Go with the flow


By John Atkinson

Do you go with the flow or stand in its face?

When the currents of opinion and action are too strong, to stand alone in their face is to be swept away. If you build a coalition to support you, you are going with a different flow. Either way you are washed along.

Need we find our individual agency? Where is the balance between self and whole?

People like to use the analogy of navigating ‘whitewater’; fast-flowing and powerful. As a whitewater kayaker I ran rivers that had never been paddled before and I raced whitewater slalom internationally. I’ll therefore join this flow of thought, and at the same time, look to add my sense of how to find a line though tumultuous waters, with crashing waves and deep hydraulics, powerful enough to suck you so deep that you never appear again.
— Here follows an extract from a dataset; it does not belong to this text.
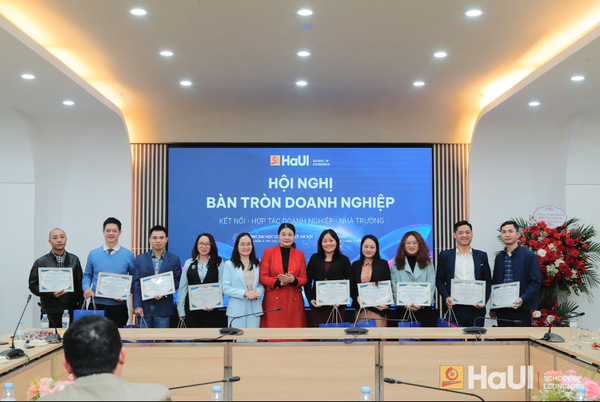 TIẾN LỢI GROUP THAM GIA HỘI NGHỊ BÀN TRÒN DOANH NGHIỆP CỦA TRƯỜNG KINH TẾ ĐẠI HỌC CÔNG NGHIỆP HÀ NỘI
You cannot enter such a powerful flow as a novice. You can barely leave the safety of the water’s edge before you are at the mercy of insurmountable power. To have any chance of survival, we build our skills in safer environments. We learn to make judgements on risk and safety, and learn the extents and the limits of our skill. We learn how far we can venture before we are a risk to ourselves and others. Those who never learn that are lucky to return to the safety of the shore. Those who observe, and attend with care and respect, noticing what matters, whether big or small, are those who learn how they can flourish in a potent environment.
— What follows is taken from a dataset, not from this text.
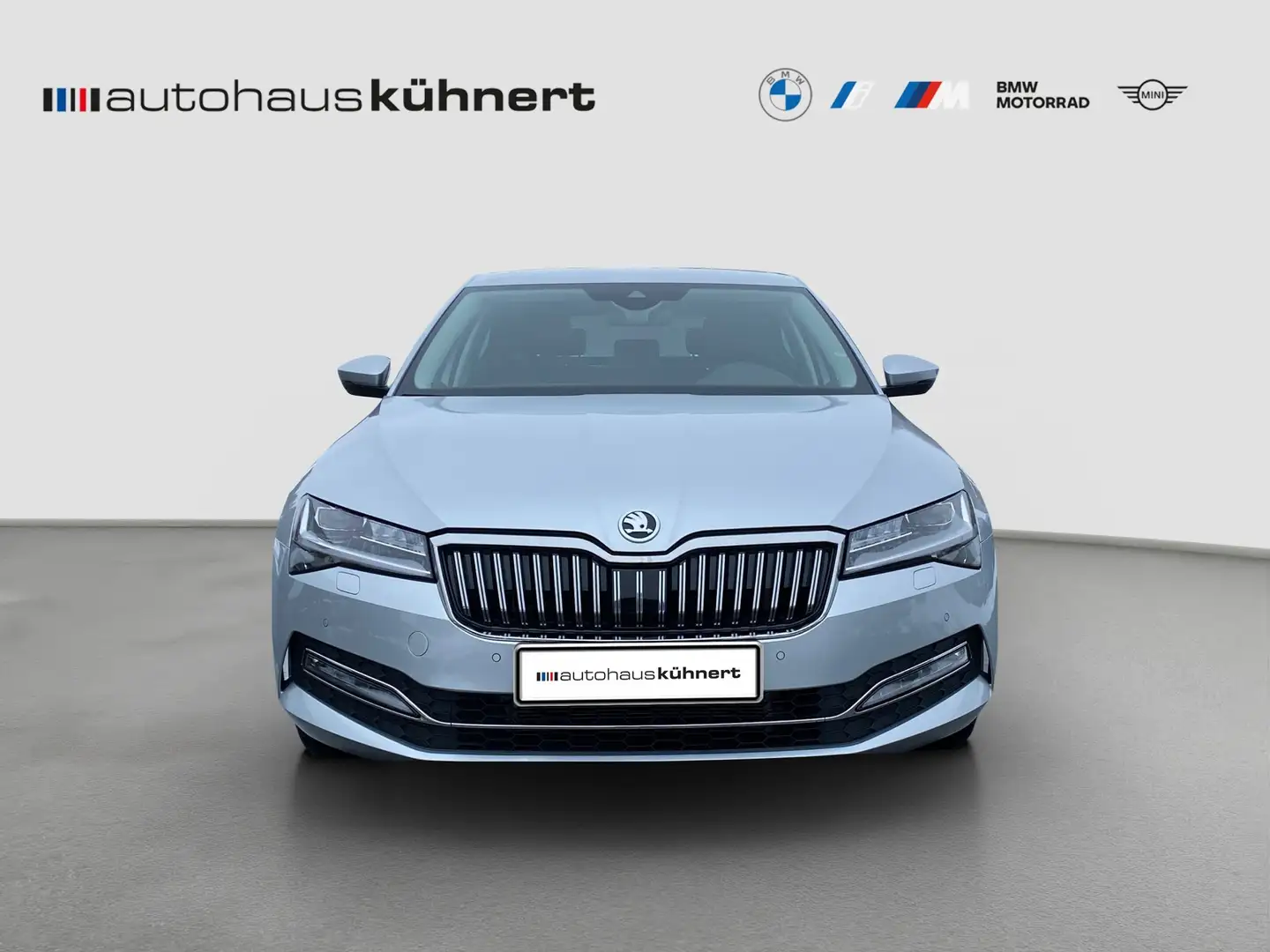 Skoda Superb Style ACC LED SpurAss AHK AUT KeyLess PDC Silber - 2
At first we rely on our own strength. In smaller flows we can push a course against the current. We punch through waves, exhilarated by the speed and our new found freedom. But our puny strength is no match for even a small torrent. When we enter life’s major flows, our individual strength cannot be used to fight the current.

As the flow gets stronger, the waves get higher, the drops steeper. Sharp rocks above and below the surface, form an increasing impediment to progress. Suddenly the route is unclear, we are faced with unexpected and immediate choices and we aren’t clear where to go. At this point, without a different skill, we are swept along. We are surviving. However much we whoop with joy as we exit the cataract, if we are honest we know we are safe as much by luck as judgement.
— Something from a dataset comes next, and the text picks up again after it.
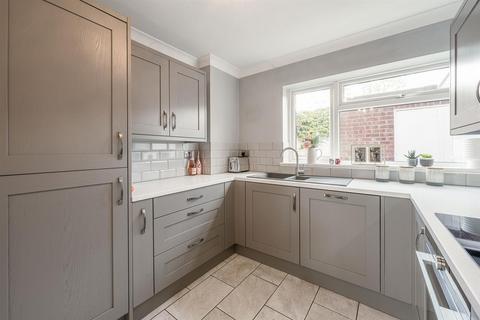 26 Allenby Close, Kingswinford, DY6 8SY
To be safe in the world’s most powerful flows is to become at one with them and to remain separate. It is to build an innate sense through hours of water time as to where to be on the river. Left, centre, right. Moving fast, moving slow. Minute changes in posture, lean and angle shift how the flows impact upon us. In the midst of huge power there is a need for intimate delicacy. We need all our senses and intuition, feeling the water on the hull and deck, through the paddle, and to instinctively know what it is signalling us to do. We must relish the vitality that comes from the cold splash on our face.

And then something magical happens. You and the flow become one. Suddenly you can be anywhere in it, using its power to gently place you where you need to be. You can feel how it is flowing just as you see where it is flowing. You become aware that it is not one flow but many, rising and falling through all dimensions. Your senses are alive, respectful, humble. You acknowledge where your power comes from. If you over reach its limits, very quickly you become little better than driftwood. When your intent is synchronous with the flow, by subordinating your personal power your reach becomes virtually limitless.

I spent a decade in white water, almost every day, sometimes three times a day, feeling into the flow. This is how I am in my work today. If I cannot feel the flow, I am consigned to driftwood, circulating and bobbing in the eddies until eventually I go under.

And when you connect to the flow, anything is possible. It will even lift you up against its very direction. When you learn to let go of ego and acknowledge your vulnerability, suddenly you find the power of the flow is available to you. If you are sensitive to nuance and need, you access forces you might never imagine.

This has been a reflection on power and how you use it. When you find yourself in the middle of events far more powerful than yourself, recognise that the turn those events take is not about you. Just as a kayaker I am irrelevant to the river, that cares not if I live or drown, so in the midst of overwhelming human power I must stop fighting for what I want and sense the flow of possibilities. Agency comes when I subordinate my ego, my desire, and feel only for what can be. When I can feel this, the magic happens.